From Brigadier General William Thompson
Phila. Oc. 5th 1776
The wants of the Prisoners being many, I procured them Credit with Mr Freeman at Quebec for £630.9.8½ Halifax; equal to £945.14.6¾ Pennsylvania Currency, For which I have reced the following Bills and Cash viz.
|Col. Greens’s Bill for||£335. 2. 6¾||Halifax|
|Capn Morgan’s do for||105. 6. 9¼|
|Cap. Lam[b]’s do for||57. 6. ½|
|Messrs Nichol’s1 & Steel’s do for||40. 0. 1|
|Dr McKenzie Cash||12. 3. 4|
|Mr Duncan Cash2||8.13. 9|
|Col. Green for the Sick (still Dr.)||63. 3.10½|
|Captn McClean Cash3||8.13. 3|
|£630. 9. 8||Halifax|
Col. Green took up for the use of the Sick Soldiers belonging to the New-England Colonies, sundry Articles amounting to £63.3.10½ Halifax which he has not Included in his Bill—Your Excellency will please to direct whether It is to be charged to the poor Soldiers or the Publick.
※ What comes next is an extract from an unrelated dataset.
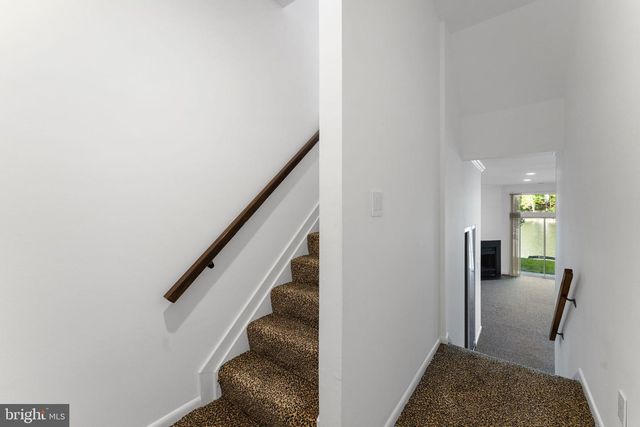 11163 LAKE CHAPEL LN, Reston, VA 20191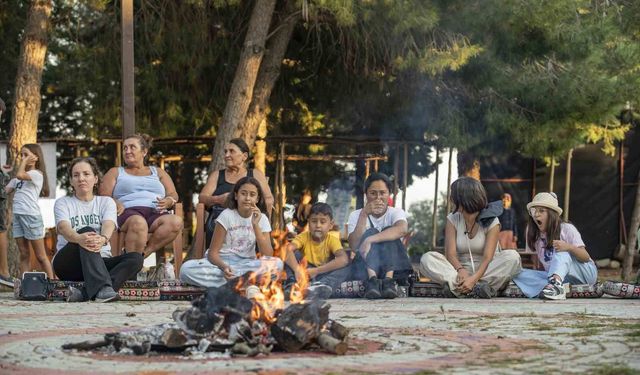 Mersin'de anne ve çocuklar doğayla iç içe kamp yaptı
I have also drawn five months Pay, for the Officers & three Months Pay for the Soldiers, belonging to the Pennsylvania & Jersey Regiments, who have return’d with me from Canada. I enlcose the account that Stoppages may be made in the Regimts to which they belong.
I have made myself liable for the Goods supply’d by Mr Freeman, to Messrs Meredith4 & Clymer of this City, and must request that you will order the Bills to be Paid, that I may be released From that obligation. I have the Honor to be Yr Excellency’s Most obt Hble Servant
ALS, DLC:GW. The cover of this letter is addressed: “To His Excellency General Washington King’s-Bridge.” The docket in Robert Hanson Harrison’s writing reads: “Genl Thompson’s Letter 5 Octo. 1776 received not before 8 July 1777. Ansd 17.” For GW’s reply, see his letter to Thompson of 17 July 1777 (DLC:GW).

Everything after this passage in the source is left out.